Wir alle sind im Leben neben den selbst mitgebrachten Eigenschaften vor allem auch das Produkt der Umwelt, in der wir uns bewegen. Familie, Freunde, Bildungs- und Arbeitsumfeld, die soziokulturelle Wertewelt unserer Gesellschaft. Glaube, Moral, Erfahrungen, individuelle Ereignisse. Das alles prägt und richtet unser Leben aus. Im positiven wie im schwierigen, das ist mal klar.

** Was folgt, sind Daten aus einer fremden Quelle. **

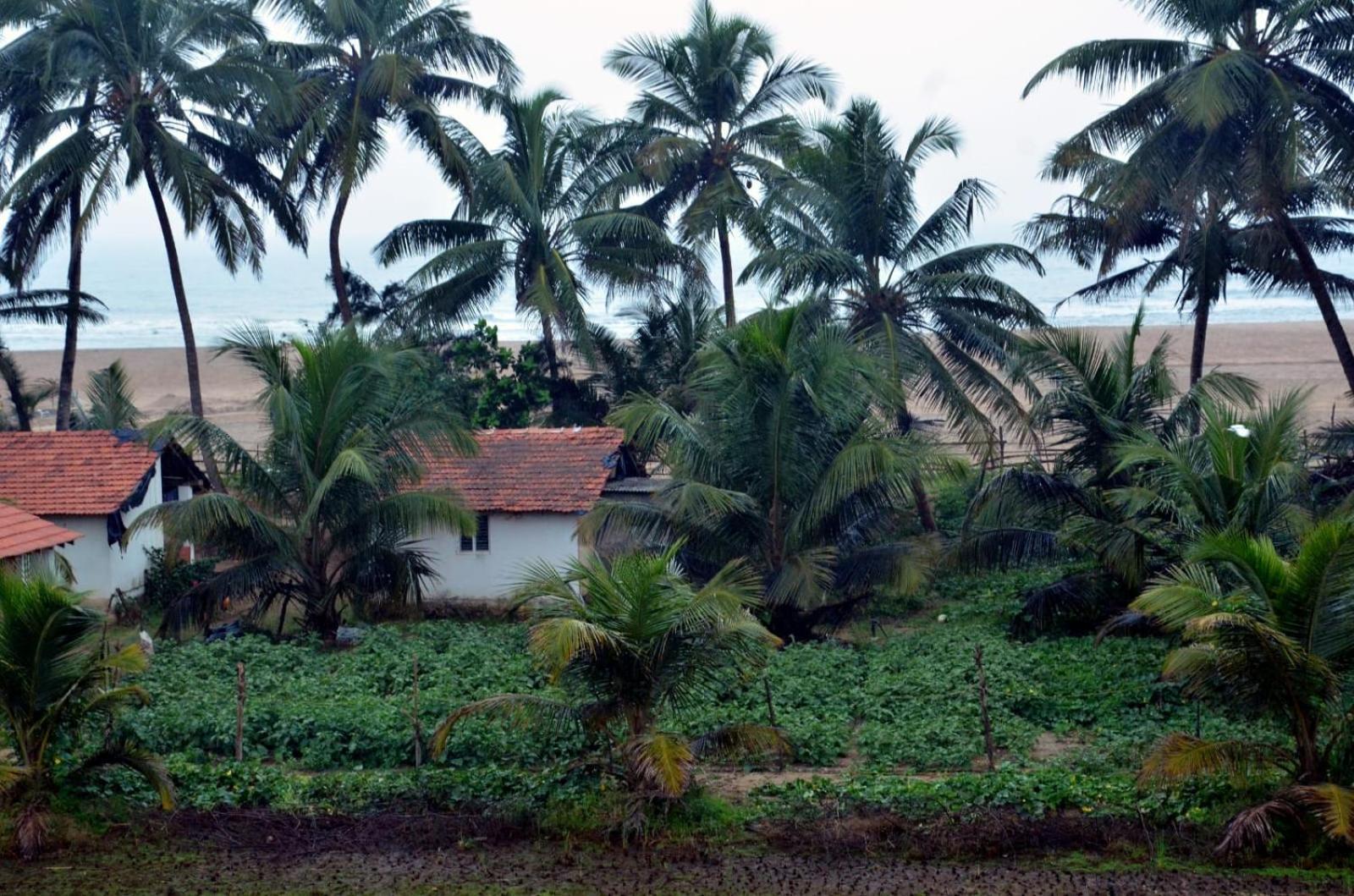 Kenchas Beach Resort Gokarna (Karnataka) Exterior foto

Vorbilder gehören ebenfalls dazu. Eltern sind Vorbilder (na, zumindest wenn die Kids noch kleiner sind) und natürlich Menschen, denen etwas Besonderes gelingt, die etwas Besonderes leisten. Menschen, die man im näheren oder weiteren Umfeld wahrnimmt, aber auch Menschen, die so etwas sind wie die Vorbilder schlechthin zu einem bestimmten Thema (Kultur, Religion, Region, Politik, Kunst, Sport etc.) oder sogar der Menschheit als solcher.

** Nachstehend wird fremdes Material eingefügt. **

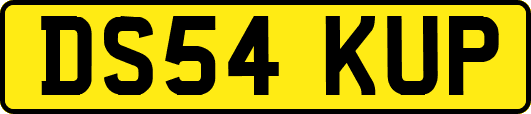 DS54KUP
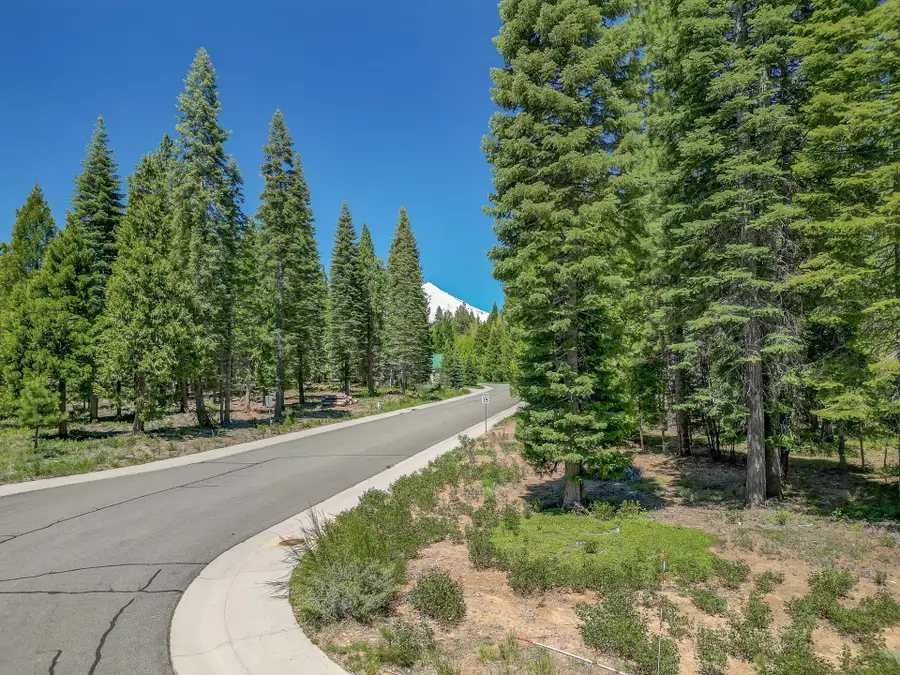 46 Panther Meadow, McCloud, CA 96057 - Image #3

Meine Vorbilder im Sinne der letztgenannten Kategorie möchte ich hier kurz vorstellen: Persönlichkeiten, die mich inspirieren. Menschen, deren Lebensleistung ich bewundere und bezüglich meiner eigenen Einsichten als prägend empfinde.
Nelson Mandela

Ich habe viele Quellen zu ihm gelesen und natürlich auch sein Buch „Der lange Weg zur Freiheit“. Mandelas Weg war mutig und konsequent zugleich. Unterwegs hat er sich niemals zu Revanchismus oder Ressentiments hinreißen lassen, obwohl es viele Anlässe dazu gegeben hätte. Alle Versuche – und es waren viele – seinen Willen und seine Überzeugungen zu brechen, waren erfolglos. Trotz auch der unsäglichen Gewalt, die auf beiden Seiten zunehmend auf freilich verschiedene Weise eskalierte. Das unterscheidet Mandela von vergleichbaren Persönlichkeiten der Geschichte. – Anders als bewusst gestreute Behauptungen des Apartheidregimes hat Nelson Mandela sich trotz eines Lebens im Widerstand niemals der Gewalt als Lösung ergeben. Das bewundere ich!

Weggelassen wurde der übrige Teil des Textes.